If you are building a new home today, it pays to consider integrating zero energy principles in your design. Zero energy homes are future-proof, making them a sound investment for anyone serious about owning property. People think that this type of home is too expensive, but innovations in the field are closing the margin for mainstream buyers. Here are things you should know about zero energy builds.
Zero Energy Homes Have a Good ROI
According to the Zero Energy Project, building a zero energy ready home means thousands of dollars in energy savings for homes across the U.S. For example, assuming electricity costs will increase at a rate of two percent per year, an initial investment of $2,694 in a San Francisco home will bring back energy savings amounting to $15,720. The figure varies between states, but all homeowners stand to recoup upwards of $400 in their first year alone.
Zero Energy Homes Can Also Be Affordable
It is possible to trim down your initial investment by intentionally choosing energy-saving materials, products and techniques. For example, you could design a smaller open-concept home. There are many ways to design a smaller home and make it feel spacious, including using furniture that doubles as storage, painting the walls white, and using plenty of mirrors, among others.
Also, take advantage of the financial incentives available for energy-efficient builds. Many states, for example, offer tax credits, and some areas also have utility incentives and rebates. The Database of State Incentives for Renewables and Efficiency or DSIRE will have more information on these.
Zero Energy Means Lower Foreclosure Rates
According to a study by researchers at the University of North Carolina and the Institute for Market Transformation, energy-efficient homes are less likely to default on mortgage payments. The study shows that homes that save more energy have lower foreclosure rates—default risks, on average, are 32 percent lower for these houses.
Zero Energy Homes Have Higher Resale Value
What’s more, a zero energy home has high resale value. Since they are built for sustainability, buyers will still be interested in them years from now. Realtors already include energy efficiency features in their computations of homes’ value, and potential home buyers include energy efficiency as a significant driver for their desire to acquire new property.

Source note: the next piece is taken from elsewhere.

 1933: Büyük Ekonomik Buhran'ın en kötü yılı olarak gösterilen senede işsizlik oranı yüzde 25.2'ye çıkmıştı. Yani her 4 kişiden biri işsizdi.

People are also willing to pay a little more for energy-saving features. For example, a certified energy-efficient home can sell higher per square foot than standard properties, and they are on the market for a shorter period. This is reflected in a study conducted by the Institute for Market Transformation and the District of Columbia’s Department of Energy and Environment. In the study, researchers found that highlighting a home’s green features results in a mean premium of 3.46 percent compared to traditional homes.
Owning a zero energy home means reaping incredible returns on your investment, especially when minimizing the cost differential. High-performance homes with green features are affordable because they are built to last and use fewer non-renewable resources. Overall, these types of homes are a worthy investment for anyone who wants to secure their future.